Dans le livre de Gilles Jacob, Francis Ford Coppola donne un mode d'emploi dont vous pourriez peut-être vous inspirer ?Oh non, surtout pas de consignes ! Je ne dirais pas ce qu'il faut faire. Présidente du jury, ce n'est pas un pouvoir absolu. Chacun est libre de s'exprimer. Mais il est difficile d'affirmer quoi que ce soit tant qu'on n'a pas les éléments
essentiels à cette aventure : le jury et la sélection...
Quels souvenirs gardez-vous de vos participations au Festival ?
Je retiens surtout mes prix d'interprétation, évidemment. Sinon, aller au Festival pour présenter un film, c'est très gai, ça fait un peu peur, c'est excitant. Faut pas, non plus, que ça dure trop longtemps. Trois jours, c'est un maximum quand vous avez un film en compétition. C'est un tel faisceau d'attention qu'on supporte mal qu'il soit aussitôt dirigé sur quelqu'un d'autre dès le lendemain. Mieux vaut partir rapidement ! (rires)
Quel rapport avez-vous avec votre image d'actrice intellectuelle et insaisissable ?

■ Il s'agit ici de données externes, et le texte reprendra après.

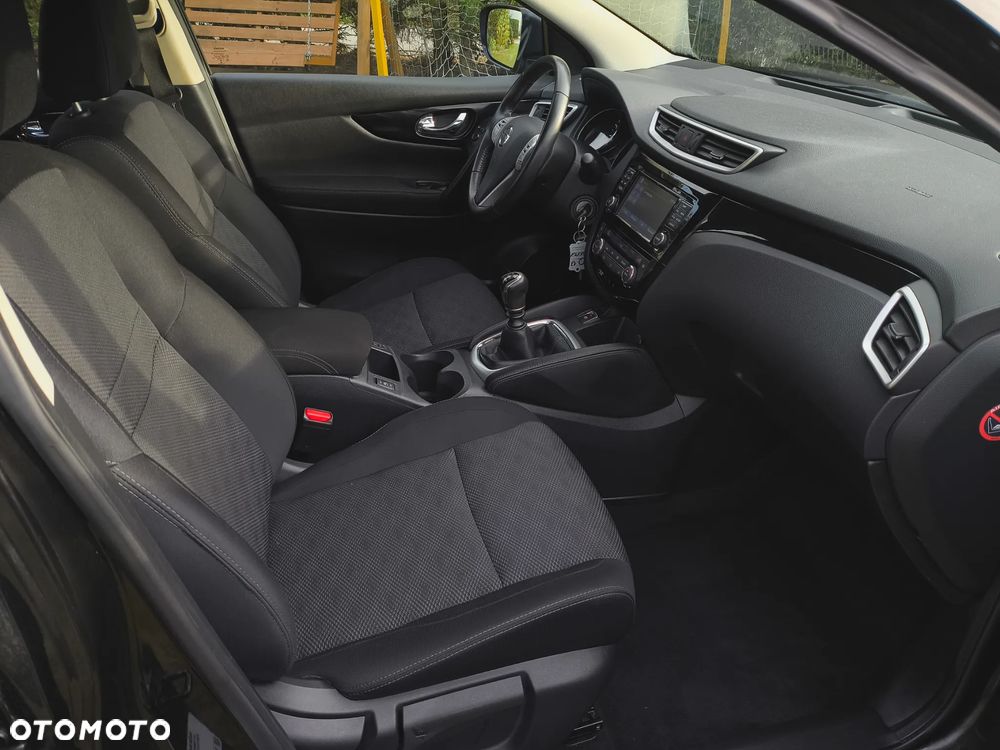 Nissan Qashqai 1.6 DIG-T Acenta - 21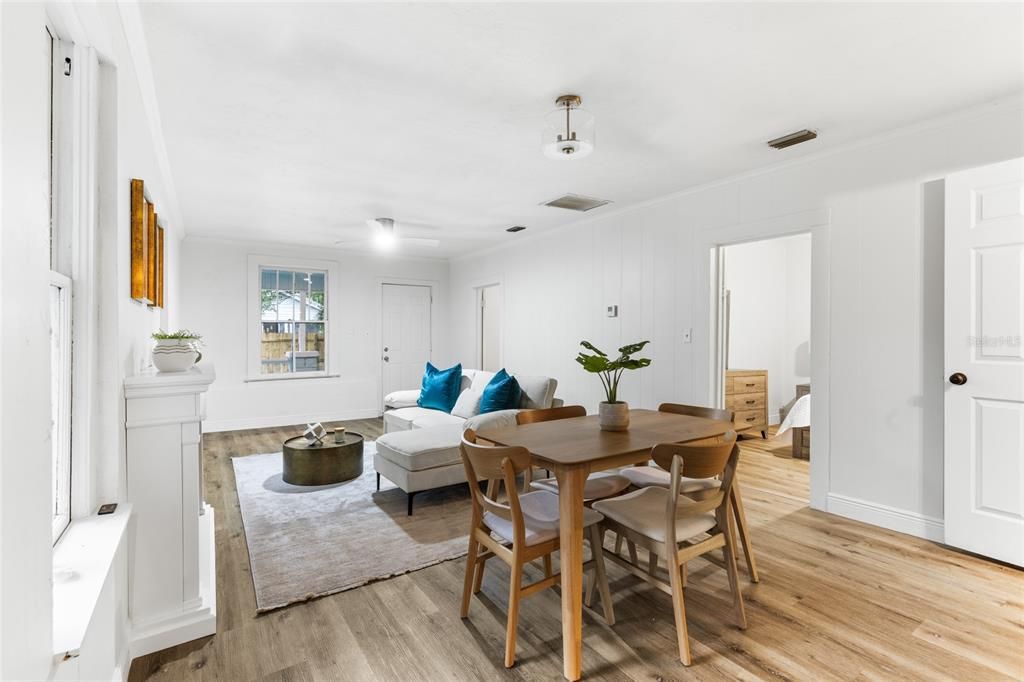 For Sale: $229,900 (2 beds, 1 baths, 847 Square Feet)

Ca me convient, mais ce n'est pas aussi maîtrisé que ça. C'est plus un fait qu'une stratégie. Je n'ai pas fait beaucoup d'efforts à faire pour ça. L'image publique que l'on a est très conditionnée par les films qu'on fait. Si je n'avais tourné que dans « Les Bronzés », on aurait sans doute une autre image de moi...
Vos choix de carrière suscitent l'admiration générale. Comment faire pour ne pas se tromper ?
Je fais des films dont le scénario me plaît, avec des gens dont je crois au talent. Quand Chabrol, Haneke ou Jacquot vous réclament, il n'y a pas beaucoup de questions à se poser. Mais je fais aussi beaucoup de premiers films. Aucun altruisme là-dedans : il n'y a pas d'âge pour être un grand metteur en scène. Je choisis seule mes rôles. De toute façon, on est toujours plus seul qu'on ne le croit...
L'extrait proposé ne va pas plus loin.